I have tried to construct some examples, in an arbitrary manner, but they appeared to be positive semi-definite only. For example, I have tried
- $R(s,t) = \exp\left\{-\alpha|(s ~\text{mod}~ T) - (t ~\text{mod}~ T)|\right\}$,
- $R(s,t) = \exp\left\{-\alpha|\sin(2\pi s/T) - \sin(2\pi t/T)|\right\}$,
- $R(s,t) = \min \{s ~\text{mod}~ T, t ~\text{mod}~ T\}$, and a few other structures. Below, I provide one simple reproducible R code where I constructed many such examples (with $T=24$) and checked for their positive definiteness:
n = 500; t = 1:n
R0 = function(s, t, alpha = 0.3) exp(-alpha*abs(s%%24 - t%%24))
#R0 = function(s, t, alpha = 0.3) exp(-alpha*(s%%24 - t%%24)^2)
#R0 = function(s, t, alpha = 0.3) exp(-alpha*abs(sin(pi*s/12) - sin(pi*t/12)))

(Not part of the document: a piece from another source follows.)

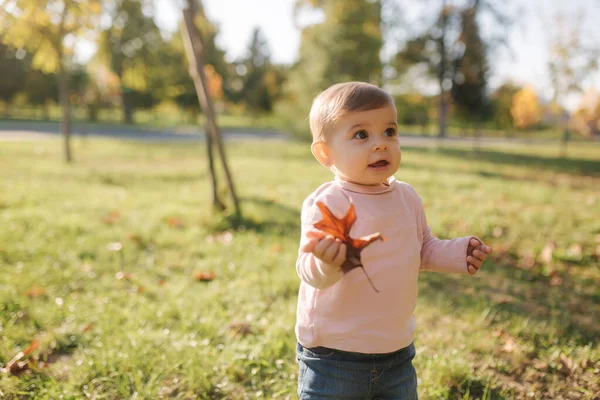 Adorable niña caminando en el parque en el clima de otoño. Niña feliz — Foto de Stock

#R0 = function(s, t, alpha = 0.3) exp(-alpha*abs(cos(pi*s/12) - cos(pi*t/12)))
#R0 = function(s, t) min(s%%24, t%%24)
#R0 = function(s, t) (1+abs(s%%24-t%%24))*exp(-abs(s%%24-t%%24))
#R0 = function(s, t) (1+abs(sin(pi*s/12)-sin(pi*t/12)))*
# exp(-abs(sin(pi*s/12)-sin(pi*t/12)))
#R0 = function(s, t, sig=0.2, nu=0.5, beta=0.5)

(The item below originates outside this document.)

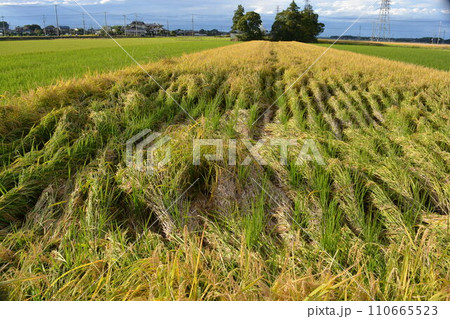 風水害の被害にあった稲穂 110665523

# rSPDE::matern.covariance((s%%24 - t%%24), kappa = 1/beta, nu = nu, sigma = sig)
#R0 = function(s, t, sig=0.2, nu=0.5, beta=0.5)

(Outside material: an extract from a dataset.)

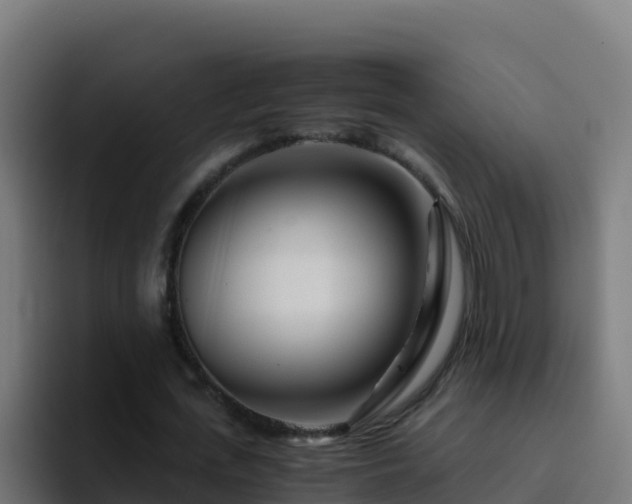 X0000094930723200712061128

# rSPDE::matern.covariance((cos(pi*s/12)-cos(pi*t/12)), kappa = 1/beta, nu = nu, sigma = sig)
#R0 = function(s, t, lambda=0.2) exp(-lambda*(sin(s%%24-t%%24))^2)
R = matrix(nrow = n, ncol = n)
for (i in 1:n) {
for (j in 1:n) {
R[i,j] = R0(t[i], t[j])
}
}
matrixcalc::is.positive.definite(R)
matrixcalc::is.positive.semi.definite(R)
Can anyone please suggest one or more non-trivial examples of such covariance matrices?
OR, if such periodic covariance matrices can never be positive definite, can you please provide a proof (or sketch of a proof) supporting this statement? Any help will be greatly appreciated!
EDIT: I am looking for a non-trivial (that is, non-diagonal) example of such matrices.